---------- DATA SECTION ----------
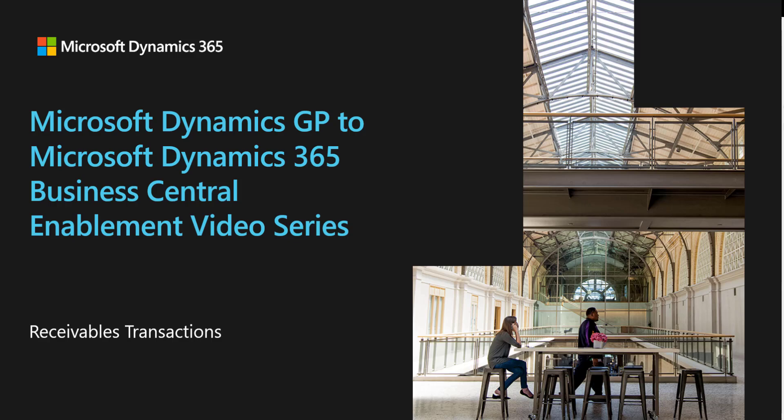In this video, we're going to look at how to enter receivables invoices and credit memos in Dynamics GP and compare that to the experience of entering those documents in Dynamics 365 Business Central.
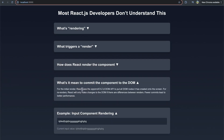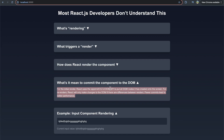But what does it mean when we get to committing? For the initial render, React uses the appendChild DOM API to put all DOM nodes it has created onto the screen. For re-renders though, React will only make changes to the DOM if there are differences between renders. Fewer commits lead to better performance. So on the initial render, React will render as well as create the DOM nodes and commit all those to your page. But on subsequent re-renders, React will re-render that component and check — are there differences between what this component is now versus previously? If there are no differences, React doesn't commit anything new to the DOM. Not needing to commit to the DOM leads to less DOM manipulation, which helps improve performance — one of the benefits of React.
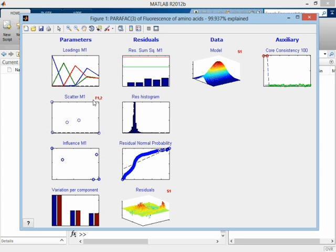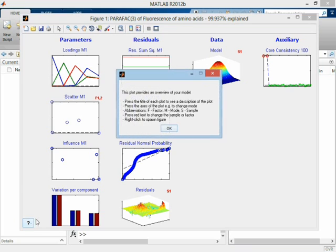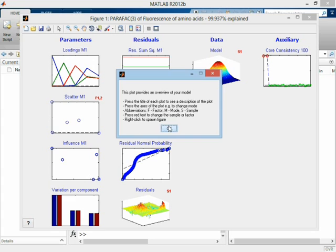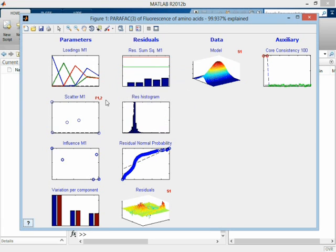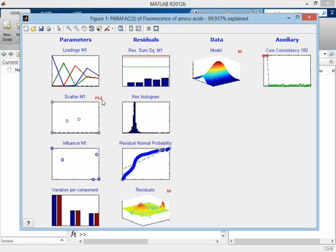If we get in doubt about the meaning of these things, we can just go down here, and there will be a short explanation of what the different things mean. F is factor, M is mode, etc. Now, I can change this by just clicking on the red one. Now, it's a score plot of component 1 versus 3, 2 versus 3, etc. So I can go through the different ones.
----------
### REQUIREMENT
Please print, exactly as given, the lines running from the beginning of the listing through the line containing "But what does", omitting each picture.

### RESPONSE
In this video, we're going to look at how to enter receivables invoices and credit memos in Dynamics GP and compare that to the experience of entering those documents in Dynamics 365 Business Central.
But what does it mean when we get to committing? For the initial render, React uses the appendChild DOM API to put all DOM nodes it has created onto the screen. For re-renders though, React will only make changes to the DOM if there are differences between renders. Fewer commits lead to better performance. So on the initial render, React will render as well as create the DOM nodes and commit all those to your page. But on subsequent re-renders, React will re-render that component and check — are there differences between what this component is now versus previously? If there are no differences, React doesn't commit anything new to the DOM. Not needing to commit to the DOM leads to less DOM manipulation, which helps improve performance — one of the benefits of React.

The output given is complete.